**Assignment**
The first line of the entries through the line bearing "For Rent: $2,000": copy these lines exactly and return nothing else.

**Input data**
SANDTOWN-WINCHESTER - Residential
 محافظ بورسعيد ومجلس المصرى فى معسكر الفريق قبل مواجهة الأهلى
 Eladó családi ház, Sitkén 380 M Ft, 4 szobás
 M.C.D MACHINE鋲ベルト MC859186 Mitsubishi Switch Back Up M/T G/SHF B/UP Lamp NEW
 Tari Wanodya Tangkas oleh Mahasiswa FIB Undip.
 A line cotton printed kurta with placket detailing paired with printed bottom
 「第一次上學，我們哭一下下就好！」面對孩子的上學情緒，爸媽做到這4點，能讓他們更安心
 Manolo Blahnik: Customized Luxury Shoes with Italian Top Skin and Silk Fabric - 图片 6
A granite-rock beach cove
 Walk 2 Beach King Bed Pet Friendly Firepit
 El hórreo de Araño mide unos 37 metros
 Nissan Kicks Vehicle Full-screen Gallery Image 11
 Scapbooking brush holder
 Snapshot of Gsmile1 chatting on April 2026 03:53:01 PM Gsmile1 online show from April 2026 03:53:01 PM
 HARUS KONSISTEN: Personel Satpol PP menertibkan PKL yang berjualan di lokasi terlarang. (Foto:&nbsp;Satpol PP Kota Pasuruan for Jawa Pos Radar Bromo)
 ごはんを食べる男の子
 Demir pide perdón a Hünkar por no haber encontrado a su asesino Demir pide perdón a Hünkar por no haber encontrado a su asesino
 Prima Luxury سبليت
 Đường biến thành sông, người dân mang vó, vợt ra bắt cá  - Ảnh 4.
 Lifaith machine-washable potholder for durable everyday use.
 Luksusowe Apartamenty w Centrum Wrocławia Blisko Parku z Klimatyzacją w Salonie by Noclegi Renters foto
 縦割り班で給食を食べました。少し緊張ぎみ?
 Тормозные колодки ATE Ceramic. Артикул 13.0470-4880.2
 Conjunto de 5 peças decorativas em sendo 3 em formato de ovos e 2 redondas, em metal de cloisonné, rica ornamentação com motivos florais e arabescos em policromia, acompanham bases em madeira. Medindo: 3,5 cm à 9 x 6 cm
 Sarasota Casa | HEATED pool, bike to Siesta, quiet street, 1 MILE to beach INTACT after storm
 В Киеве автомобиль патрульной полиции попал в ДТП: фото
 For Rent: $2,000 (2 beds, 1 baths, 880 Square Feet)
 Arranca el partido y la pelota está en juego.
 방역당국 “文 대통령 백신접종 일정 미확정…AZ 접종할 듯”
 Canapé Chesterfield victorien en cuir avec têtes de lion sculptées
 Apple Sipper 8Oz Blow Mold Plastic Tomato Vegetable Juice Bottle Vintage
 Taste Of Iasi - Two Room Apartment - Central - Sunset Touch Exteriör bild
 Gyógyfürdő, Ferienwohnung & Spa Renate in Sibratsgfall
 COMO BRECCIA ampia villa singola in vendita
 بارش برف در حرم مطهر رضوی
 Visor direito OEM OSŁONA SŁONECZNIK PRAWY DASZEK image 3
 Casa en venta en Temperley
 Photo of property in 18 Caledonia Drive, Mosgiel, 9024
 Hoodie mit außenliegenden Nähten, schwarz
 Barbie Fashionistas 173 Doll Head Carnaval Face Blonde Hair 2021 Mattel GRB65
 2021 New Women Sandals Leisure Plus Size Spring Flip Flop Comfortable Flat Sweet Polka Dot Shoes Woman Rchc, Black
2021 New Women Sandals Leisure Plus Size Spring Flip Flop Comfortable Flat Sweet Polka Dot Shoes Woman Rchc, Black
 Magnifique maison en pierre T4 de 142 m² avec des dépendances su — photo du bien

**Task output**
SANDTOWN-WINCHESTER - Residential
 محافظ بورسعيد ومجلس المصرى فى معسكر الفريق قبل مواجهة الأهلى
 Eladó családi ház, Sitkén 380 M Ft, 4 szobás
 M.C.D MACHINE鋲ベルト MC859186 Mitsubishi Switch Back Up M/T G/SHF B/UP Lamp NEW
 Tari Wanodya Tangkas oleh Mahasiswa FIB Undip.
 A line cotton printed kurta with placket detailing paired with printed bottom
 「第一次上學，我們哭一下下就好！」面對孩子的上學情緒，爸媽做到這4點，能讓他們更安心
 Manolo Blahnik: Customized Luxury Shoes with Italian Top Skin and Silk Fabric - 图片 6
A granite-rock beach cove
 Walk 2 Beach King Bed Pet Friendly Firepit
 El hórreo de Araño mide unos 37 metros
 Nissan Kicks Vehicle Full-screen Gallery Image 11
 Scapbooking brush holder
 Snapshot of Gsmile1 chatting on April 2026 03:53:01 PM Gsmile1 online show from April 2026 03:53:01 PM
 HARUS KONSISTEN: Personel Satpol PP menertibkan PKL yang berjualan di lokasi terlarang. (Foto:&nbsp;Satpol PP Kota Pasuruan for Jawa Pos Radar Bromo)
 ごはんを食べる男の子
 Demir pide perdón a Hünkar por no haber encontrado a su asesino Demir pide perdón a Hünkar por no haber encontrado a su asesino
 Prima Luxury سبليت
 Đường biến thành sông, người dân mang vó, vợt ra bắt cá  - Ảnh 4.
 Lifaith machine-washable potholder for durable everyday use.
 Luksusowe Apartamenty w Centrum Wrocławia Blisko Parku z Klimatyzacją w Salonie by Noclegi Renters foto
 縦割り班で給食を食べました。少し緊張ぎみ?
 Тормозные колодки ATE Ceramic. Артикул 13.0470-4880.2
 Conjunto de 5 peças decorativas em sendo 3 em formato de ovos e 2 redondas, em metal de cloisonné, rica ornamentação com motivos florais e arabescos em policromia, acompanham bases em madeira. Medindo: 3,5 cm à 9 x 6 cm
 Sarasota Casa | HEATED pool, bike to Siesta, quiet street, 1 MILE to beach INTACT after storm
 В Киеве автомобиль патрульной полиции попал в ДТП: фото
 For Rent: $2,000 (2 beds, 1 baths, 880 Square Feet)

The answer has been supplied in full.